How Bad Is It?

Many now believe our governmental system no longer works.  According to a new poll, eighty-six percent of people questioned say that our system of government is broken.  (See “CNN/Opinion Research Corporation Poll.”)

Clearly, the major reason is the stalling of health reform legislation in Congress, following the loss of Senator Kennedy’s seat.  Reform of the financial industry may also be the victim of the Democrats loss of their filibuster-proof majority.

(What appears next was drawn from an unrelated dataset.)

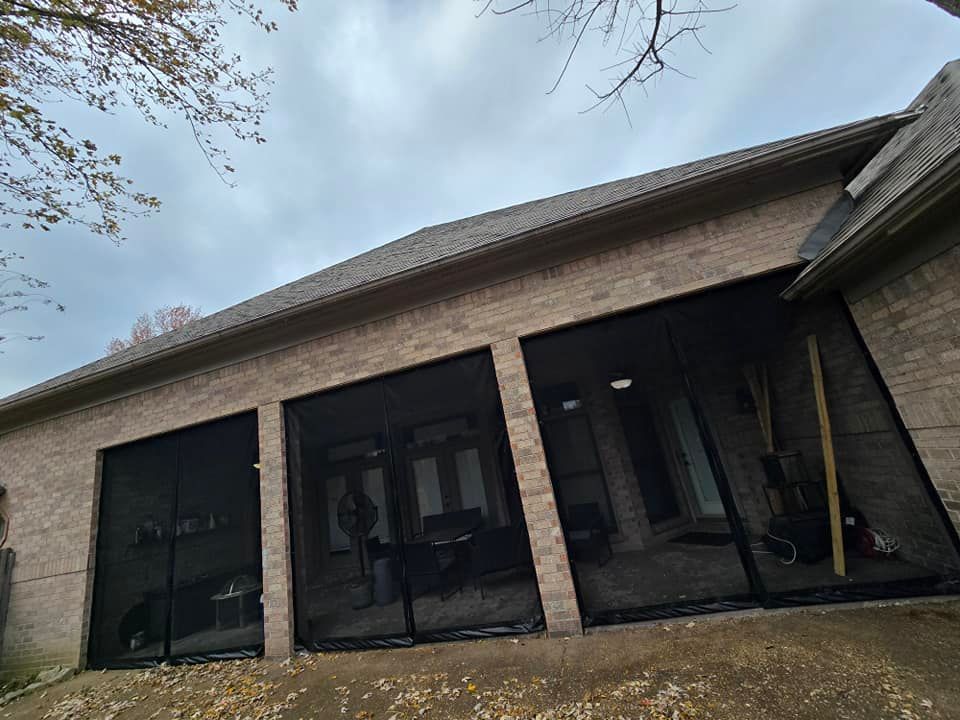 A brick house with a screened in porch and sliding glass doors.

Last week, Senator Evan Bayh, explaining his decision not to run for reelection in Ohio, noted: “There is too much partisanship and not enough progress — too much narrow ideology and not enough practical problem-solving. Even at a time of enormous challenge, the people’s business is not being done.”  As The New York Times put it, summarizing Bayh’s view:  Congress is “frozen by partisan politics and incapable of passing even basic legislation.”

Thoughtful observers of the political process have become increasingly worried about the polarization of debate and the increasing the role of lobbyists.  There is a strong argument to be made that our political process has become hostage to special interests.  Given their power to prevent change to the status quo, it seems that no substantial initiatives stand a chance of being passed. And it looks like the major goal of the Republicans at the moment is to thwart the President.

Is this just the view of the chattering classes, the new conventional wisdom of Washington pundits?  Possibly.  But there are other, more ominous sources of evidence for those who look beneath the surface.

The tea party movement is energized, growing fast.  A chaotic jumble of grass-roots, anti-government sentiment, refusing to be co-opted by Ultra conservative Republicans, it expresses the frustrated rage and mistrust of genuine protest.  More than anything, it reveals the profound alienation of its members from our political process. (See, “Tea Party Movement Lights Fuse for Rebellion on Right.”)

Then, there is the reappearance Dick Cheney.  Claiming Obama projects weakness, Cheney criticizes his lax security efforts, insufficient prosecution of terrorists, the use of civilian trials, etc.  Asserting that the President doesn’t seem to realize we are at war, his rhetoric implies we need a strong man to take charge.

Cheney, the authoritarian curmudgeon who did more than anyone in recent history to undermine our constitutional guarantees of liberty, is just speaking his mind.  But the encouragement and coverage he is getting suggests a widespread longing for someone to take over, to protect us by imposing order.

And then last week, a seemingly normal Texan slammed his plane into the office building housing the Internal Revenue Service.  He left a somewhat incoherent note, but his suicide bombing points to the fact that it is not just Islamic terrorists abroad who hate our government and are willing to die for the sake of revenge.

We could look at all of these events as isolated from each other, but their concurrence suggests a real crisis of faith in our system.  Pundits and politicians state the theme, but these other events give it more credibility and punch.